I'm aware of this "paradox", but I didn't realize you were trying to describe it; your original post appeared to me to be describing something quite different.

Ookke said:
Isn't it so that in A-frame the car is not even constructed yet, in B-frame the car is there but without steering wheel, and in C-frame the car is complete.

Yes, I see what you're getting at now. To be precise, though, you need to specify that all three of these claims are true *at the event at which A, B, and C meet*. At least, that's how I think you are imagining the scenario, and how it's described in what you linked to.

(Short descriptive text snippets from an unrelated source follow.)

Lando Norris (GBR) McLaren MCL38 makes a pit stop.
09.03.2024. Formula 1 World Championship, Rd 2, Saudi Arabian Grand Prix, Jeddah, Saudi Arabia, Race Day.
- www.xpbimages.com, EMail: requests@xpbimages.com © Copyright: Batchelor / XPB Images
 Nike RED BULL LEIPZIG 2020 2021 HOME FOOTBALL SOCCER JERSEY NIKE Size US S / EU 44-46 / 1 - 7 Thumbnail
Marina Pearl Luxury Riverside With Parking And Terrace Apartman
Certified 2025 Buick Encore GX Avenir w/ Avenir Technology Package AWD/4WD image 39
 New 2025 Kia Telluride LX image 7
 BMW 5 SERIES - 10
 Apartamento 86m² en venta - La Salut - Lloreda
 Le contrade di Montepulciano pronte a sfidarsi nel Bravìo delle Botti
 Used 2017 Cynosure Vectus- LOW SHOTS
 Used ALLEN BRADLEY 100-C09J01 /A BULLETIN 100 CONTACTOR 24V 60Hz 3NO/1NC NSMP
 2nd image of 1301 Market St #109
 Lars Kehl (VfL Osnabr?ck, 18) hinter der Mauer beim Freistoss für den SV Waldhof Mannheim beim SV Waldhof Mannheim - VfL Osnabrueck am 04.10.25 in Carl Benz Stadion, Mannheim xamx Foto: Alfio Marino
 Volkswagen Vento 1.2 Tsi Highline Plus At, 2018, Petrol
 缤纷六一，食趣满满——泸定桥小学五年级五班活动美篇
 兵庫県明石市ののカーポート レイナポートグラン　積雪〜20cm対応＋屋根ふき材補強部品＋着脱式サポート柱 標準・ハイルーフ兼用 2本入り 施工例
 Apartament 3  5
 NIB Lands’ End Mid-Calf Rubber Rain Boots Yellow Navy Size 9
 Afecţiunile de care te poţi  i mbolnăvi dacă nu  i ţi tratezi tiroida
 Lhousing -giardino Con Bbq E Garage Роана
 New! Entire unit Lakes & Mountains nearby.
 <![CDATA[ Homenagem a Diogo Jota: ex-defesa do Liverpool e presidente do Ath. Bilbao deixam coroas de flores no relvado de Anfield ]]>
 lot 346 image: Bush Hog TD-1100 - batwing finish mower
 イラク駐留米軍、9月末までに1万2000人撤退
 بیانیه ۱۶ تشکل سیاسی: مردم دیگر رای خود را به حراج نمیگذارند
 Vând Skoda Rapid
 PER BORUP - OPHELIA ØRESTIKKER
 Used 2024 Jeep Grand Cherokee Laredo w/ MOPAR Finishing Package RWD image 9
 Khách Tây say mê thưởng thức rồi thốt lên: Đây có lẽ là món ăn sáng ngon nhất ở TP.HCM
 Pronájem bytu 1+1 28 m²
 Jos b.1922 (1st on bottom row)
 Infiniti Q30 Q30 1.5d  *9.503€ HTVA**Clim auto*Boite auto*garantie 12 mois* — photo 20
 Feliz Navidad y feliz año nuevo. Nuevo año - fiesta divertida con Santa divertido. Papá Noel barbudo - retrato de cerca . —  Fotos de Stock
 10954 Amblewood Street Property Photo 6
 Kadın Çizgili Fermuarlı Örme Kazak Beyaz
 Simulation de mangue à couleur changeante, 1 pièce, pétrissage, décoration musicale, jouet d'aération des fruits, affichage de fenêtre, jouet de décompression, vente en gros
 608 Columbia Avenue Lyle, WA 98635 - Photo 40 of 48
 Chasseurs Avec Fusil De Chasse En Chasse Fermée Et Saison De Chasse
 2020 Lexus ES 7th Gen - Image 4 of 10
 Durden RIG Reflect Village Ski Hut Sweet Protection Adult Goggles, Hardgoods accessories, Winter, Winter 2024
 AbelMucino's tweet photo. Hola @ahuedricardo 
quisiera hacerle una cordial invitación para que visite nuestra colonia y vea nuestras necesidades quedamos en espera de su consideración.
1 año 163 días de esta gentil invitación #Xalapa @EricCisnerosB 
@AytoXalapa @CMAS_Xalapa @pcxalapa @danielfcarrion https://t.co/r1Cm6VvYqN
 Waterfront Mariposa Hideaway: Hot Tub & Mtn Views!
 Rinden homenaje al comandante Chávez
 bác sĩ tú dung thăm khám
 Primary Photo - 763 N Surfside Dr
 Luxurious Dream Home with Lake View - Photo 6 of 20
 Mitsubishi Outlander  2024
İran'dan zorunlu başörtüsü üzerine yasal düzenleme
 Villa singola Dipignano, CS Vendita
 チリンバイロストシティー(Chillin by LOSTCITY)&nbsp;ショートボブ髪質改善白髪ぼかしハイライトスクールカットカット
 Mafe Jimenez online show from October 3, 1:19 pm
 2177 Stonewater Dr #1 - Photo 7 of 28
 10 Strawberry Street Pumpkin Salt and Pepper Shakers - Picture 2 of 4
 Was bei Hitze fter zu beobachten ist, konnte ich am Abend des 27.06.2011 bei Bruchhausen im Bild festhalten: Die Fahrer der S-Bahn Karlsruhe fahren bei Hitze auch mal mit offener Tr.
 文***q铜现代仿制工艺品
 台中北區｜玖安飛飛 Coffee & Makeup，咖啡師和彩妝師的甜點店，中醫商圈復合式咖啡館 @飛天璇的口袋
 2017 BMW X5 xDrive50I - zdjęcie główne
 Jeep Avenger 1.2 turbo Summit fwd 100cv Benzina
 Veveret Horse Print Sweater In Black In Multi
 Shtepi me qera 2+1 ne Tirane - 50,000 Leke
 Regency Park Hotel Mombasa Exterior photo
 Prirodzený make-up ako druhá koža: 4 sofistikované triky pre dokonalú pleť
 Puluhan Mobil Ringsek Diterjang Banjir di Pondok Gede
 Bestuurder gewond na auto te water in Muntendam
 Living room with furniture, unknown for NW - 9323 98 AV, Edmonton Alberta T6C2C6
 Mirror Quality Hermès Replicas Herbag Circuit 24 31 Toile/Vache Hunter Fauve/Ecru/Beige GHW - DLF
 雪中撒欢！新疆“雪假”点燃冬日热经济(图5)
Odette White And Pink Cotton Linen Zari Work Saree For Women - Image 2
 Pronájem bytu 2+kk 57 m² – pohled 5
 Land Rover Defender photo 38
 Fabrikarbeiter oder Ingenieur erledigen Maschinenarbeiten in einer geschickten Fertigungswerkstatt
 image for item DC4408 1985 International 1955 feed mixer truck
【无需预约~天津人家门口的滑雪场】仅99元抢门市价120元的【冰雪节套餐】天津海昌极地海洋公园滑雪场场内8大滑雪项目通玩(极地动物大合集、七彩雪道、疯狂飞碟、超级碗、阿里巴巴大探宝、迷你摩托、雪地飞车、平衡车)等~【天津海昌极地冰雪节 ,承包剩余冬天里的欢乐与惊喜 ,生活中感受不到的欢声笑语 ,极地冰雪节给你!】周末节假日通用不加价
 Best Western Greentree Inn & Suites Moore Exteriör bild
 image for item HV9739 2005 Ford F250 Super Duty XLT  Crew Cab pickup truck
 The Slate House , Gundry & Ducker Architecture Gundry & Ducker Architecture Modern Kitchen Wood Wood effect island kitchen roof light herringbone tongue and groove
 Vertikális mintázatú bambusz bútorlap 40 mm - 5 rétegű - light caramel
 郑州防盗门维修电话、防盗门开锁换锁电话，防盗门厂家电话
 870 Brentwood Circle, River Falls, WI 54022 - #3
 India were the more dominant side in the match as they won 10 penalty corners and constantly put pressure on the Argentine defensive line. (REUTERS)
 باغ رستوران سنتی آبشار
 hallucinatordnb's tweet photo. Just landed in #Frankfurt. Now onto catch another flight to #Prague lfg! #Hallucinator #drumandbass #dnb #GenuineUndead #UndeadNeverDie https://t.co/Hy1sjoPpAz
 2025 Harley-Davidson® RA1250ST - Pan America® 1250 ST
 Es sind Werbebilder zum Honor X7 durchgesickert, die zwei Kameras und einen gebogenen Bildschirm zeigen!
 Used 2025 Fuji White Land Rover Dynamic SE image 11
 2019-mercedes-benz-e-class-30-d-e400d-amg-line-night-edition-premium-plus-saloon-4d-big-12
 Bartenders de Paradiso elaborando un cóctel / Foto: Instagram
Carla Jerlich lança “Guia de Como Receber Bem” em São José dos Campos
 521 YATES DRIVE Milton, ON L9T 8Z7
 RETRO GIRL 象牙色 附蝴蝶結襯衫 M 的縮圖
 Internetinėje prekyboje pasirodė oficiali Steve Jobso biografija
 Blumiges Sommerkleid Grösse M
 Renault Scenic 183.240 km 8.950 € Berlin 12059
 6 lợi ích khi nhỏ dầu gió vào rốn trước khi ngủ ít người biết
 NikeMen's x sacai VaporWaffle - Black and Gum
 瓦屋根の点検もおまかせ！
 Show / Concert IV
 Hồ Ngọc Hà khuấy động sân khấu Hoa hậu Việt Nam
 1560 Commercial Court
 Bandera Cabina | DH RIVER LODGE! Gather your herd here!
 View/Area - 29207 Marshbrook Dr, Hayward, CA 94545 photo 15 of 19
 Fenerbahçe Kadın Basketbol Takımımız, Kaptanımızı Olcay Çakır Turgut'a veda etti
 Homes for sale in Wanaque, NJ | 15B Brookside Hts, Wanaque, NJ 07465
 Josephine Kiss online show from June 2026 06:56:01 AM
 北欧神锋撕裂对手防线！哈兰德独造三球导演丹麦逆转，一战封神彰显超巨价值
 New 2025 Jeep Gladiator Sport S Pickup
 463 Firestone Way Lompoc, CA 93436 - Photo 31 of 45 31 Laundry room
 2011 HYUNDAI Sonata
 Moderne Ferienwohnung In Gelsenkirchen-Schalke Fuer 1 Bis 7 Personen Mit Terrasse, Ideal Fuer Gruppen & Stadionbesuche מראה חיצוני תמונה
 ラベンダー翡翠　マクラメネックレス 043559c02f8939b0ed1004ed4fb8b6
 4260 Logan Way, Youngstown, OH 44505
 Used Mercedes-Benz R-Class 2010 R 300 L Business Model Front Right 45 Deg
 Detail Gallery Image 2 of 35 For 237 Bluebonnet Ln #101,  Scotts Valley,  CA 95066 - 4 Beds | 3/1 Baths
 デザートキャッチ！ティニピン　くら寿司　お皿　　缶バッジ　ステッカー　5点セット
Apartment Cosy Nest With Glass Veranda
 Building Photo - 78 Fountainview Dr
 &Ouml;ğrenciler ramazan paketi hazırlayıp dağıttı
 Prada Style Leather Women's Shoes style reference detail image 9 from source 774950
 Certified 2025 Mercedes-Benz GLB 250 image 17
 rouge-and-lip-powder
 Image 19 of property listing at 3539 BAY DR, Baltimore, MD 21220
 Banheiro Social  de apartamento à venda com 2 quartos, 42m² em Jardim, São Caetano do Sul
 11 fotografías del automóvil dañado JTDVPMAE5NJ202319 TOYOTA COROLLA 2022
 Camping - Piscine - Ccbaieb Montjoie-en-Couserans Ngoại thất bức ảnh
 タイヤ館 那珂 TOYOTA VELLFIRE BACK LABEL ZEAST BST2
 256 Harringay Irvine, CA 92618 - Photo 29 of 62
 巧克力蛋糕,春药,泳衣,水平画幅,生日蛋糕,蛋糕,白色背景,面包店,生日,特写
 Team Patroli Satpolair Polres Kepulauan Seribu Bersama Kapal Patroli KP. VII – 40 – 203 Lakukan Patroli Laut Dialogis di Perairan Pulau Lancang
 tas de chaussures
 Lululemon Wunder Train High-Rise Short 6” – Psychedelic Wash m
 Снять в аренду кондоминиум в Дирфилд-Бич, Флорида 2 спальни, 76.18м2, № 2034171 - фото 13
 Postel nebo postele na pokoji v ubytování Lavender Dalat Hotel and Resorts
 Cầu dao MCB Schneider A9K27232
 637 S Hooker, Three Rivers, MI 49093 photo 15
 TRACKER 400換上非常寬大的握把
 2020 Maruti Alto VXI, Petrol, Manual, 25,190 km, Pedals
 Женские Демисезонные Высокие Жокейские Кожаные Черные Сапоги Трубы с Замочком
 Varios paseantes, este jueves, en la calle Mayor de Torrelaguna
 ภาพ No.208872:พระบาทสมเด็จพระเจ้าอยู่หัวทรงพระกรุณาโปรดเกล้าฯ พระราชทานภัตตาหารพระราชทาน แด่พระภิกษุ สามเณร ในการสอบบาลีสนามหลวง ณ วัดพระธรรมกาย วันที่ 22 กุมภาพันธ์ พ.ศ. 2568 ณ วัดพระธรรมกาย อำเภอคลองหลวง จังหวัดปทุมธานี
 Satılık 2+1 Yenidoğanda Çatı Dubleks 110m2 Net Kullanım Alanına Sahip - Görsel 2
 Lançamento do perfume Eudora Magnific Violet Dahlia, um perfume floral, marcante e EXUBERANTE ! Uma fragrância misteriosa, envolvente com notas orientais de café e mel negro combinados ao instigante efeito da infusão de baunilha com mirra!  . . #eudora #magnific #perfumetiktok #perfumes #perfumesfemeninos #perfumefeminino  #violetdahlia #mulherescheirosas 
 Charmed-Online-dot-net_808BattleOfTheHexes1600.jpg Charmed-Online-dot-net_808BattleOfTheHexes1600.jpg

Also, it's worth pointing out that, at the event at which A, B, and C meet, *none* of them can have any information yet about the car; that event is spacelike separated from all of the events involved in the car's construction. All three of A, B, and C will have to wait a couple million years (assuming they're all somewhere in the Andromeda galaxy) before any light signals from the car's construction reach them. This also means that none of A, B, and C, at the event at which they meet, can causally affect anything about the car's construction--or, indeed, anything for a couple million years later, along the car's worldline. By the time any light signal from any of A, B, and C reaches the car, it will be way, way out of warranty. :wink:
 
  • #16
PeterDonis said:
By the time any light signal from any of A, B, and C reaches the car, it will be way, way out of warranty. :wink:

Definitely so :smile:. Yes I had Andromeda "paradox" in mind, but others can see only what is written. I'm glad this looks good now, thanks again.
 
  • #17
durant said:
ghwellsjr said:
I edited my previous response to cover this issue. Does it help?
I still don't understand some things, I'm not really familiar with relativity so this may be an obstacle. When we take the car as a whole, we take all of its spacetime points combined together, right? Which implies that all of its spatial parts must exist simultaneously, otherwise it may not be a car.
Here's the part of my previous response that I edited and I'd like to follow up on that now:

ghwellsjr said:
You can use this technique, for example, to show that the car will be length contracted as it moves forward but you only need to have two spatial points, one at the front and one at the rear to do this (again, because we are lazy and it really won't matter much to illustrate the point). You will, however, need to assign those two spatial points to multiple temporal points which results in a series of events for each spatial point. And then you need to select events that are simultaneous in the IRF where the car is moving to properly assess its Length Contraction.
Let's consider a car that is 10 feet long and stationary in an Inertial Reference Frame (IRF). (Don't confuse this car with the one Peter Donis proposed in an earlier post.) The front of the car shown in red is at a distance of 10 feet from the spatial origin and the rear shown in blue is at the spatial origin:

https://www.physicsforums.com/attachment.php?attachmentid=58389&stc=1&d=1367415325

Please be aware that there are solid parts of the car everywhere between the blue and red lines but if we filled them all in it would look like a solid block of color and make the next drawing harder to understand.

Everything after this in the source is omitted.